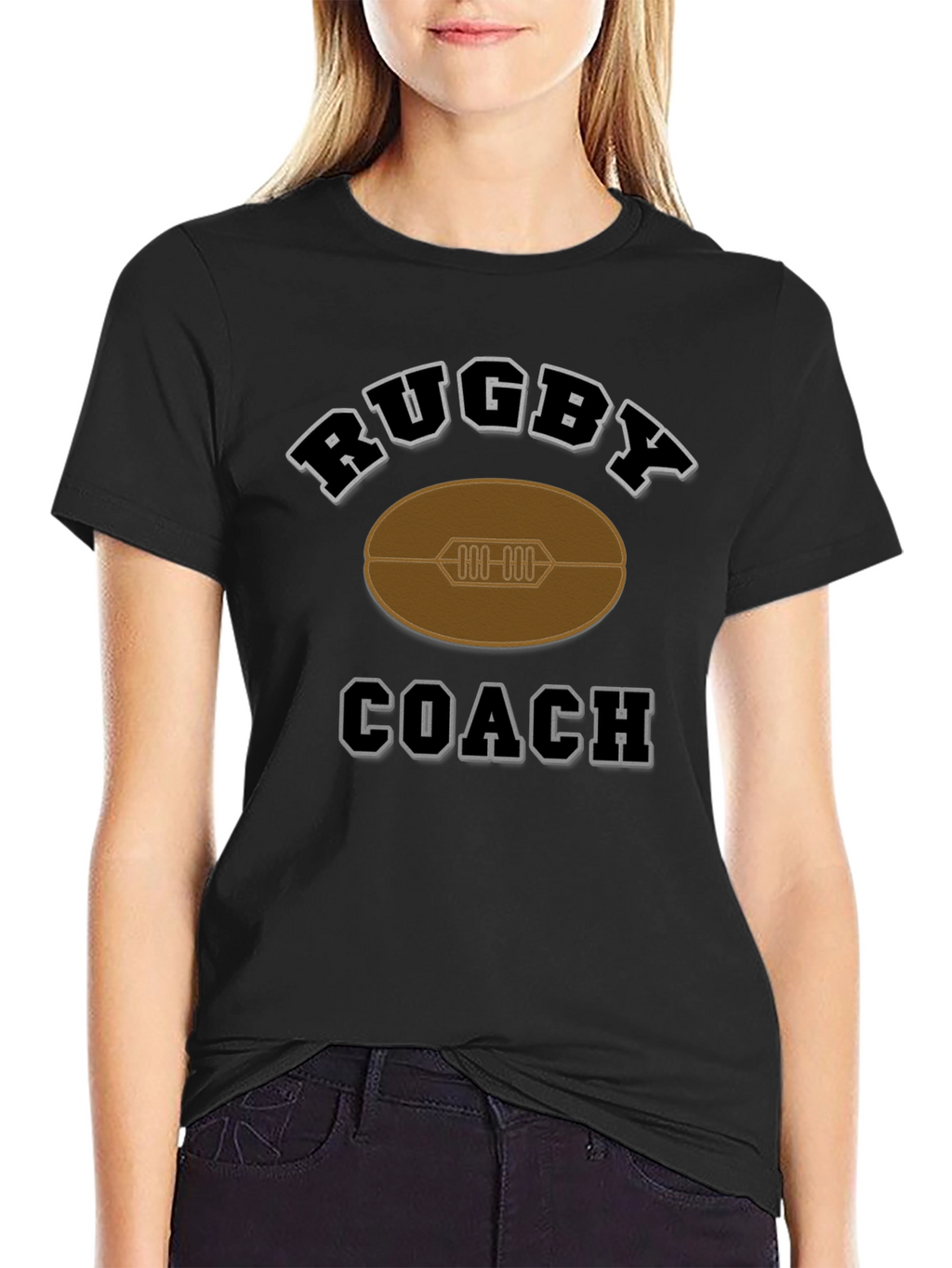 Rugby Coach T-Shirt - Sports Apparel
* * *
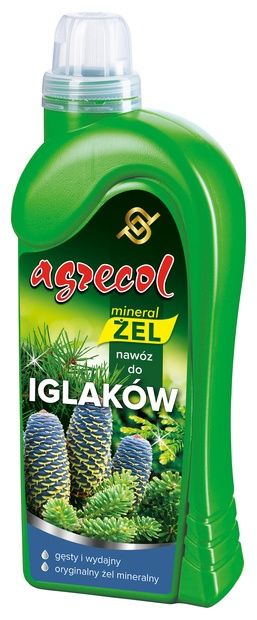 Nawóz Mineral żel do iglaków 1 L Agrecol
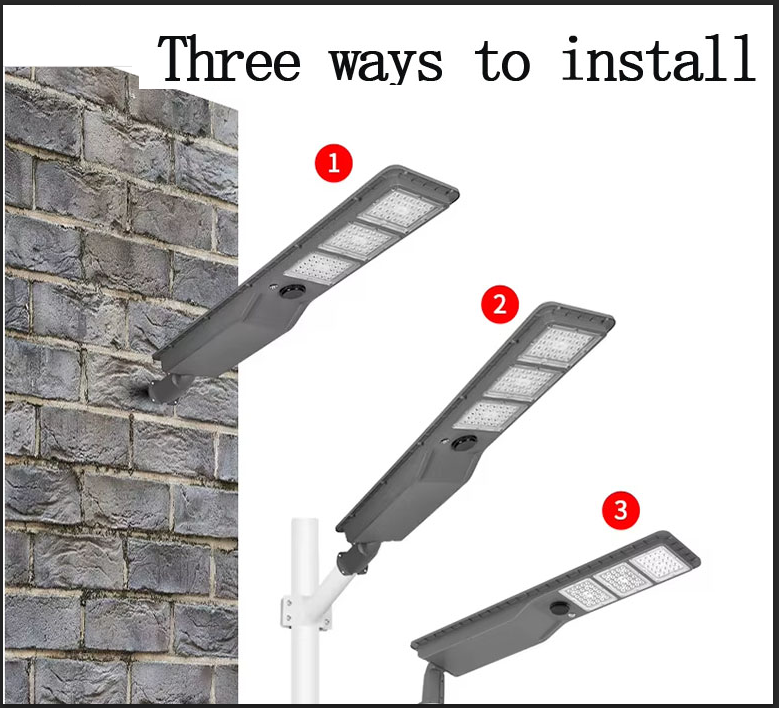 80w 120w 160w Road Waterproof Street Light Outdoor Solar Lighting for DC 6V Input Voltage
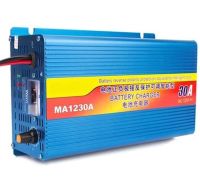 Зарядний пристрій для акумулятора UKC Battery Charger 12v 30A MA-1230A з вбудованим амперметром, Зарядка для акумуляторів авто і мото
* * *
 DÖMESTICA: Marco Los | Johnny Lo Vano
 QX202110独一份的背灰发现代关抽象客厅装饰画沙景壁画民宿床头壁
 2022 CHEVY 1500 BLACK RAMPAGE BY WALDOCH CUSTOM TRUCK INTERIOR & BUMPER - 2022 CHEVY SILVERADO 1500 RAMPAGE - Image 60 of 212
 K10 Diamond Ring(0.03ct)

| Prompt |
Which lines run from the one holding "QX202110独一份的背灰发现代关抽象客厅装饰画沙景壁画民宿床头壁" through the one holding "K10 Diamond Ring(0.03ct)" in the records above? Repeat them exactly, both included, and nothing more.

| Worked solution |
 QX202110独一份的背灰发现代关抽象客厅装饰画沙景壁画民宿床头壁
 2022 CHEVY 1500 BLACK RAMPAGE BY WALDOCH CUSTOM TRUCK INTERIOR & BUMPER - 2022 CHEVY SILVERADO 1500 RAMPAGE - Image 60 of 212
 K10 Diamond Ring(0.03ct)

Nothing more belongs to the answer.